Deep in the countryside of Sasaguri, Fukuoka prefecture, is one of Japan's most impressive Buddha statues. With a heatwave sweeping across the country, we ventured out to discover the peaceful beauty of Nanzoin temple and its surrounding nature.
We start our journey at Hakata station in downtown Fukuoka. Many train lines run through here, including Japan's high-speed Shinkansen trains that connect Fukuoka from it's island on Kyushu to mainland Japan. The station bustles with daily commuters and those looking to enjoy Fukuoka and its surrounding heritage attractions. Hakata station is also the perfect place to pick up a bento (prepared lunch box) for your journey. We pick out some delicious sandwiches from Evah – a deli that creates delicious macrobiotic vegan dishes. Before we board the JR Sasaguri line, we grab a couple of drinks – we'll definitely need to cool off in this heat!
It's the late morning, so luckily there are plenty of available seats on the train. The carriage is cooled by air conditioning that hums loud enough to appreciate its effort. On the opposite platform, a couple of trains come and go as we wait to depart. Small groups of families, late commuters and school children make their way into central Hakata. The platform clears and the conductors signal to each other to continue on. Our train is ready to depart. The wheels begin grinding forward and over the speaker we hear the upcoming stops. This will be a quick journey, taking only around 25 minutes (5 stops) to reach Kido Nanzoin-mae Station.
As we head East from Hakata station, the cement dwellings of downtown Fukuoka city quickly clear to reveal the lush countryside. Traditional Japanese houses appear, some overgrown with vines and all bearing the character of a life lived just outside the reach of day-to-day city living.
The train picks up speed and shuffles every now and then to the changing of the tracks. We pass through tunnels that run under mountains and begin following a river below. We catch glimpses of families splashing in the soft currents. It's the middle of summer with temperatures reaching over 40℃, and like us, it's fun to see others cooling off outside!

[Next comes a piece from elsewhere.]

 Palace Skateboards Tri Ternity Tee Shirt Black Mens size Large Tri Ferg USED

We're already enjoying the greenery, and it isn't long before we reach our stop. The temple is only a few minutes walk away from the station according to Google Maps. Moments after stepping off the carriage, we are reintroduced to the loud buzz of cicadas and the stunning heat. Kido Nanzoin-mae station has all the charm you would expect from a rural train-stop. The wooden beams holding up the faded corrugated roofing are worn and sun-kissed. Traditional tiles run along the plastered walls separating the wild forest from the well-lived cement platform. We've noticed the beautiful signage that welcomes you to train stations around Fukuoka, and here we are happy to see the familiar nostalgic lettering once again.
A ticket master sits in the comfort of his shaded room at the exit gate. He offers a welcoming grin and a shallow bow as we pass through. There is a colourful poster outlining the surrounding stations and train lines. Next to it is a vintage JR ticketing machine. It's easiest to navigate Japan's train lines with electronic IC cards, but it's always lovely to see the paper tickets available. A woman is taking refuge from the heat inside a wooden paneled waiting room. She fans herself while waiting for a ride.

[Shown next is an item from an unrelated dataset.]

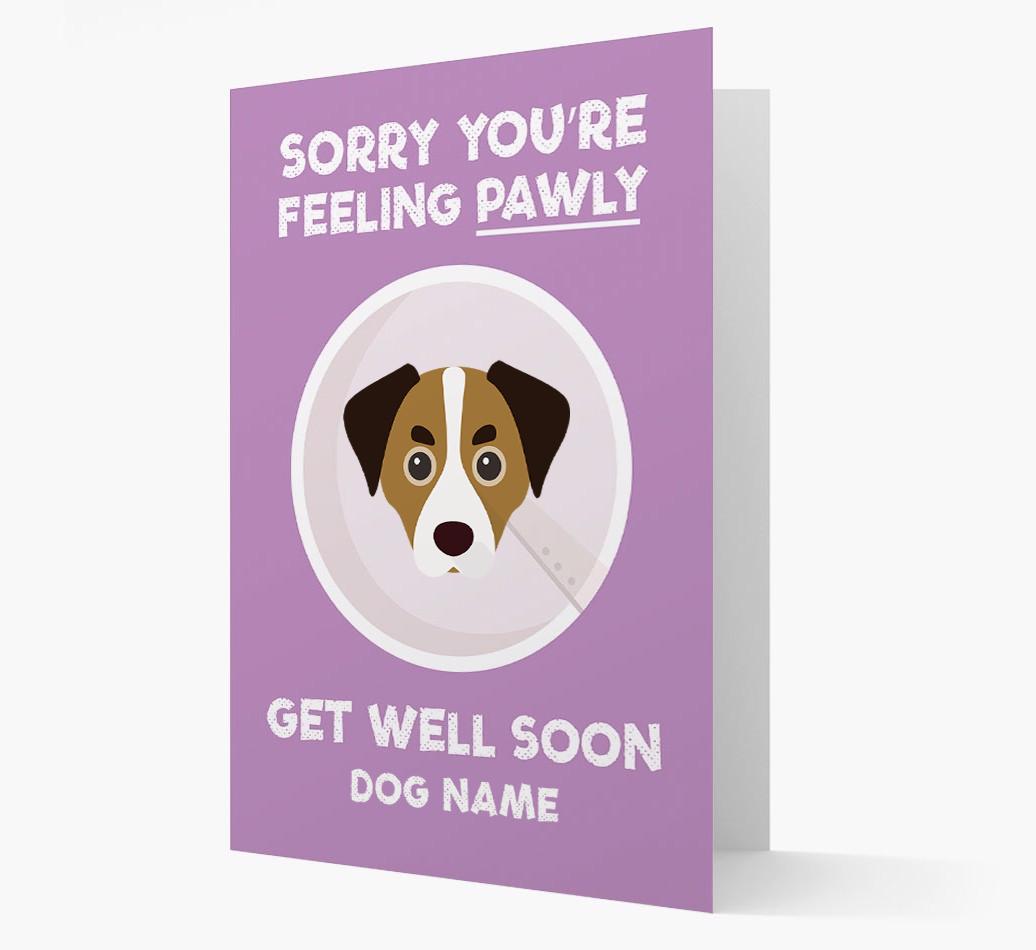 Personalized 'Sorry you're feeling pawly, get well soon {dogsName}' Card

We cross a bridge running over the river we saw from the train. The current is low, and it's nice to hear its flow under the cicada's loop. A small town sits along the main highway. The corner store has locals chatting to each other inside, while outside a Shiba-Inu takes shelter under a table selling traditional snacks. There's no doubt he's feeling the heat, but he still manages to offer us a large grin that Japanese dogs never seem to be without.

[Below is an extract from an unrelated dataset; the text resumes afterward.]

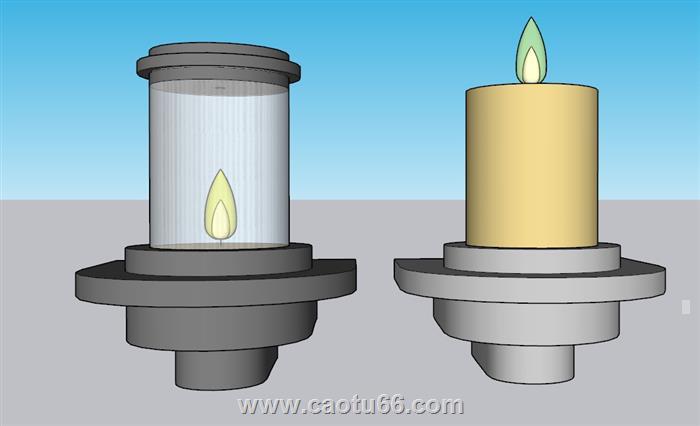 蜡烛灯装饰蜡烛SU模型 1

After a short 2 minute walk, we get to the base of the walkway leading up to the temple. Buddhist ornaments line the walkway, and a soft stream flows down on our way up. An elder Japanese couple point and comment on the beauty surrounding us. It's lovely to share the wonder of our surroundings with people who have perhaps enjoyed it many times before.
We pass temples tucked into small pockets on the mountainside before discovering an enormous statue and dozens of small buddha ornaments. The peaceful harmony between nature and its inhabitants offer us a chance to truly relax and get lost in slow thoughts. It's an unlikely chance to find refreshment in the summertime heat, but we're glad to have found it.
We search for the giant reclining Buddha that Nanzoin temple is renowned for. After a bit of hunting, we find the entrance thanks to a beautifully painted map outlining the surrounding paths. We continue on, following a long straight passage lined with hundreds of bronze plaques. On the other side, we pause to take in the greenery that surrounds the small town below. It's a beautiful day.
A monk passes us by on our way up to discover the Buddha statue. It's presence is immediate and impressive. Weighing over 300 tons and stretching over 40 meters in length, its stature is a striking contrast to the calm mountainside where it resides.
We slowly make our way back down the mountain and towards the station. We never tire of taking Japan's trains. Their charm and character always make for a peaceful journey. As Fukuoka city approaches, we reflect on the wonders that are tucked away around every corner of Japan. We feel revitalized, even after being under the beating hot sun and we can't wait to see where our next mountain train journey will take us.